What is being asked.
Look in the material below for the line with "Collection of automotive" and the line with "2010s 423LU Bertoia", then set down exactly those two lines and all lines between, nothing more.

Start of Data records

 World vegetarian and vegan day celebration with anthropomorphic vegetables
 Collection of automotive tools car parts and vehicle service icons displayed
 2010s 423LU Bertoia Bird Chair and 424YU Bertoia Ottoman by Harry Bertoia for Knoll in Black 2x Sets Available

End of Data records
Start of Data records

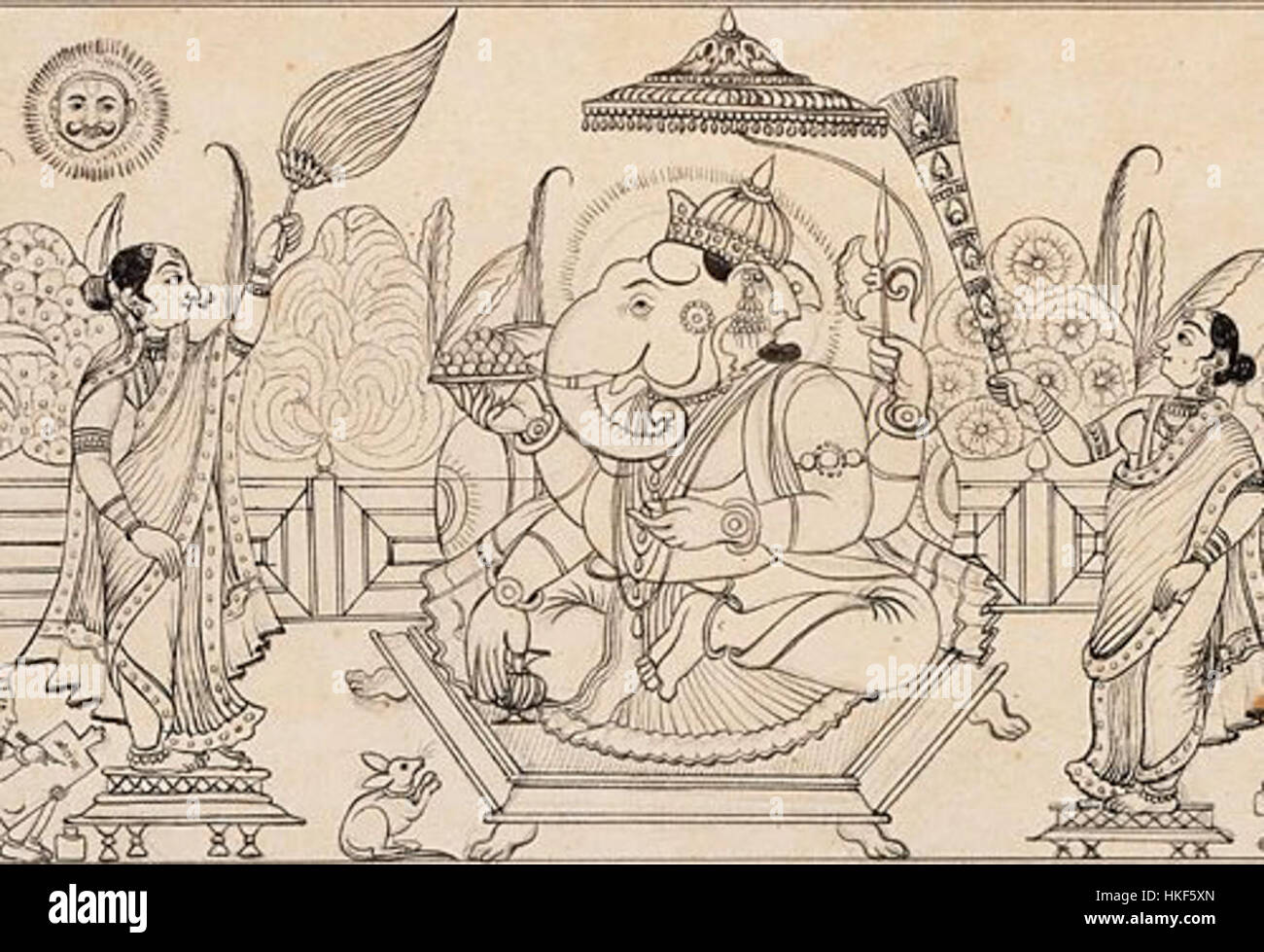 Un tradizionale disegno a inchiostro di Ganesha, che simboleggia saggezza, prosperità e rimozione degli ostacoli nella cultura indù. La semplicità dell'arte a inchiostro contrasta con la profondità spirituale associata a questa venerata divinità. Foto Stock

End of Data records

Exercise answer.
 Collection of automotive tools car parts and vehicle service icons displayed
 2010s 423LU Bertoia Bird Chair and 424YU Bertoia Ottoman by Harry Bertoia for Knoll in Black 2x Sets Available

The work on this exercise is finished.